COMMENT: I’ll emphasize that the following subtleties in ECG interpretation of the tracing in Figure-1 do not change management — and they all resolved by the time the follow-up tracing 2 days later was done. But I found these points interesting — and I hope they help to hone your ECG interpretation skills.
  • The 1st challenge in interpreting a tracing with Shark Fin morphology — is to define the J-point that separates the end of the QRS complex with the beginning of the ST segment. As Drs. Meyers & Smith have often said — “When the QRS is wide, the J-point will hide. So, your next step is to Trace it down, and Copy it over."
  • To illustrate this process — I’ve reproduced in Figure-2 the initial ECG from the Jan. 24, 2020 post (link to that post given above). Note that the rhythm in Figure-2 is sinus with a PVC ( = beat #10) — and, that there is bifascicular block (RBBB/LAHB), as is commonly seen with the proximal LAD occlusion that was found at cath. The location of the J-point is easiest to see in the limb leads. I’ve traced this down in Figure-2 with vertical BLUE lines that reveal the dramatic ST elevation in the anterior leads.

Figure-2: The initial ECG from the January 24, 2020 post — to illustrate how to define the J-point when there is Shark Fin morphology from marked ST segment elevation (See text).

Go back to Figure-1.
  • WHY is it more difficult to define the J-point in the ECG for this case?

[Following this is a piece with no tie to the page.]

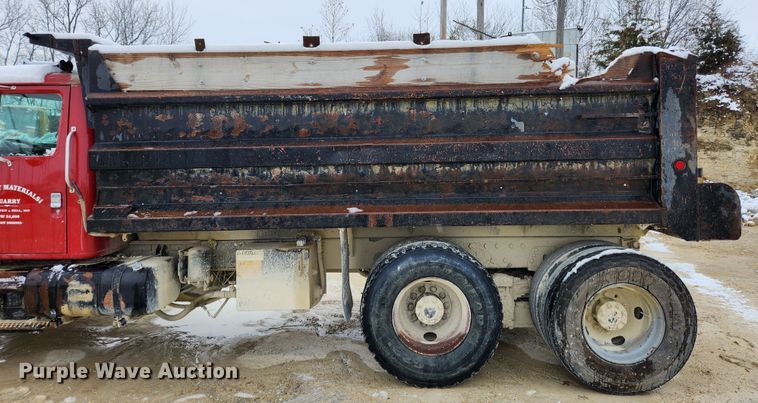 image for item JB9756 2002 International 4900  dump truck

ANSWER: Using the long lead II rhythm strip at the bottom in Figure-1 reveals that QRS morphology for the 7 beats in this tracing is not consistent — and this is the reason it's harder to define the J-point. I illustrate the additional subtle ECG findings I alluded to earlier for ECG #1 in Figure-3:
  • P waves are present in the long lead II rhythm strip in Figure-3 (RED arrows). Note that the PR interval does not remain the same for each of the 7 beats in this lead II rhythm strip. However, the PR interval does remain the same (albeit prolonged to ~0.32 second) for beats #15 and 7 — which tells us that beats #1, 5 and 7 are being conducted with 1st-degree AV block.
  • The QRS complex of these 3 beats ( = beats #1, 5, 7) that are conducted with 1st-degree AV block looks narrower, with a more defined end point of the QRS — compared to the more amorphous QRST complexes of beats #2, 3 and 6. No P wave precedes beat #4.
  • Note that the PR interval preceding beats #23 and 6 is clearly shorter than the PR interval of the 3 beats conducted with 1st-degree AV block. Looking further — the PR interval preceding beat #3 is shorter than the PR interval preceding beats #2 and #6.
  • PEARL: In my experience, cardiac rhythms observed during (or shortly after) cardiac arrest do not obey the usual rules for AV blocks and escape rhythms. In non-arrest situations — escape beats and escape rhythms tend to be at least fairly regular. This is an extremely helpful concept to appreciate — because recognizing that a beat occurs earlier-than-expected (ie, earlier than other escape beats in the tracing) — is usually an excellent clue that this beat is conducted. That said, the R-R interval for the 7 beats in the lead II rhythm strip in Figure-3 varies in a way that to me defies logic.
  • BOTTOM LINE: Beats #1, 5 and 7 in Figure-3 are conducted with 1st-degree AV block. The vertical BLUE lines in this figure define the J-point, and reveal dramatic ST elevation in antero-lateral leads. I don’t know what beat #4 is (ie, No P wave precedes this beat). I’m not sure if beats #2, 3 and 6 are fusion beats — or if these represent ventricular escape beats preceded by non-conducting P waves (or a combination of these possibilities). Regardless, dramatic ST elevation is seen in the antero-lateral leads of all beats (conducted and/or escape) on this tracing. And, results of cardiac cath revealed normal coronary arteries — with a follow-up ECG recorded 2 days later showing a sinus mechanism with complete resolution of all ST elevation.

Figure-3: I've labeled the initial ECG in this case to highlight several additional subtle findings in ECG #1 (See text).

Our THANKS to Dr. Smith for presenting this fascinating case with fortunately, a positive ending.